La famille Maignan, complètement donziaise tout au long de son parcours, illustre parfaitement l’enracinement, l’ascension sociale et l’aspiration nobiliaire de la bourgeoisie rurale, enrichie par les revenus de charges publiques, et parfois ses limites.

Connus depuis le XVIème siècle, les Maignan ont investi les environs immédiats de Donzy. On les retrouve dans bien des lieux et des familles connus des visiteurs de ce site.

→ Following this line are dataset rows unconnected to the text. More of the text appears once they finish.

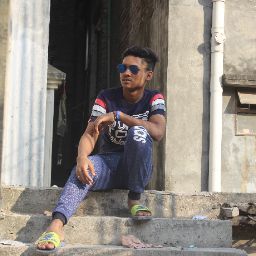 Sabbir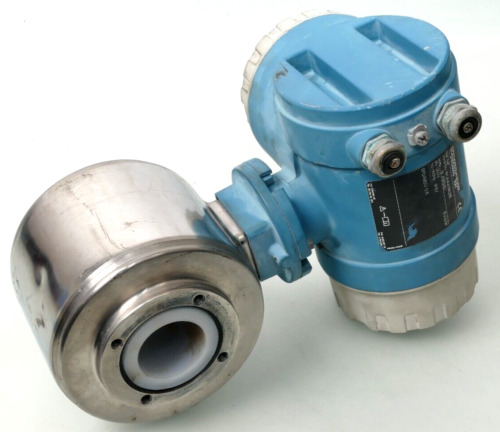 30HP50-BCAAA11A21B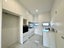 523F Pakuranga Road, Howick, Auckland - Carousel 11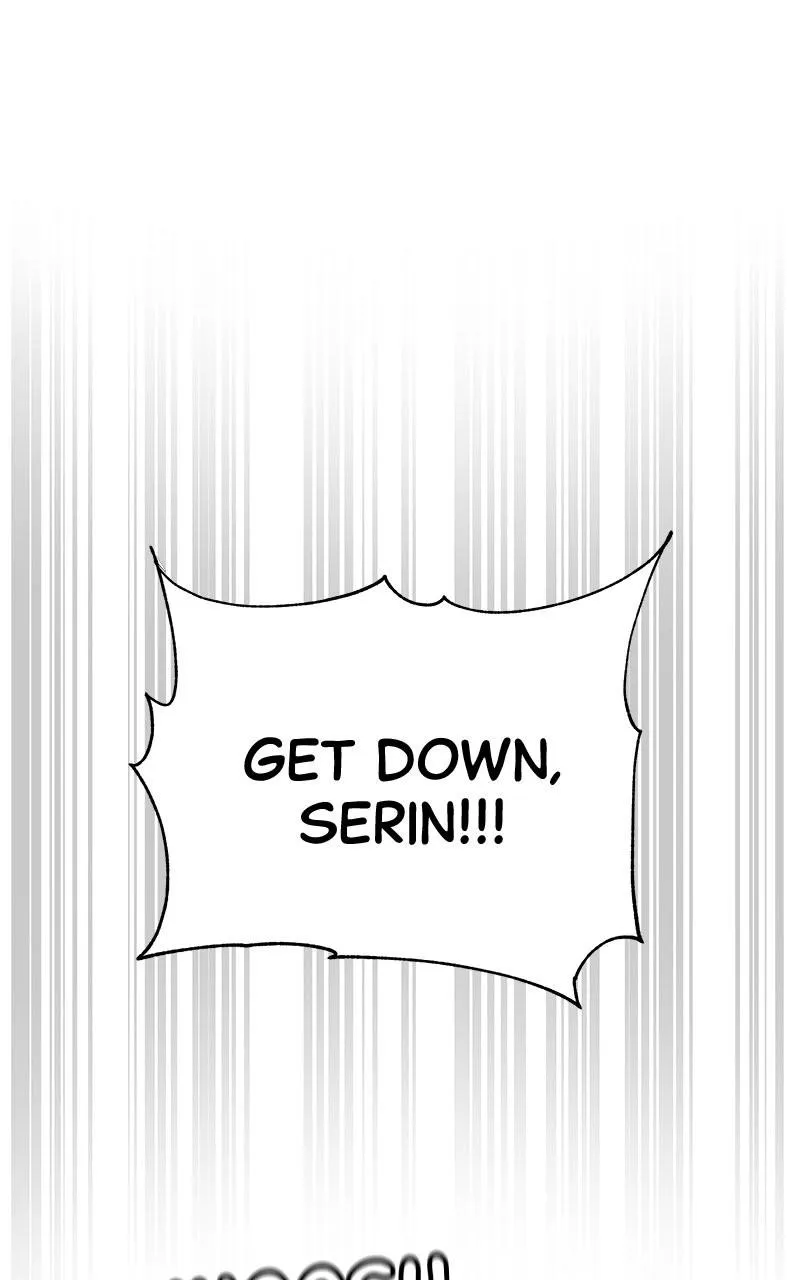 Random Target Chapter 20 Online - página 80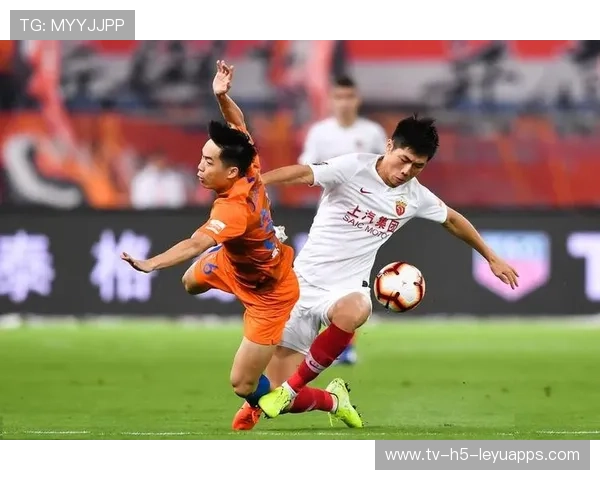 联盟发布青训俱乐部合规指南规范市场秩序，俱乐部青训有工资吗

Nous en proposons ici une généalogie exhaustive : Famille Maignan

Jean Maignan était licencié-es-Lois, ce qui atteste d’études juridiques poussées, sans doute à Bourges ; notaire, procureur fiscal, et lieutenant particulier au Baillage. Il acquit en 1596 le fief de Savigny, sur une hauteur dominant la Talvanne, avec un moulin en contrebas. Le vendeur était Hubert de La Rivière, vicomte de Tonnerre et de Quincy, seigneur notamment de Colméry, dont Savigny dépendait. Ses descendants conserveront cette petite terre pendant près de deux siècles. Jean jouissait d’autres rentes : notamment la moitié de la dîme de N.-D. du Pré, tenue du duc de Nevers.

Cette acquisition ne lui porta pas chance puisqu’il aurait été assassiné à la fin de la même année par un certain Barachin, concierge des prisons. Son fils aîné, un autre Jean, aurait connu le même sort à Bourges en 1588. On ne connaît pas les tenants et aboutissants de ces règlements de compte – sans doute religieux en cette période où l’on s’entretuait beaucoup sur ce motif -.

Quoiqu’il en soit, son fils cadet François Maignan « de Grignon » (1592-1675), établi comme avocat à Auxerre, est le personnage central de la lignée.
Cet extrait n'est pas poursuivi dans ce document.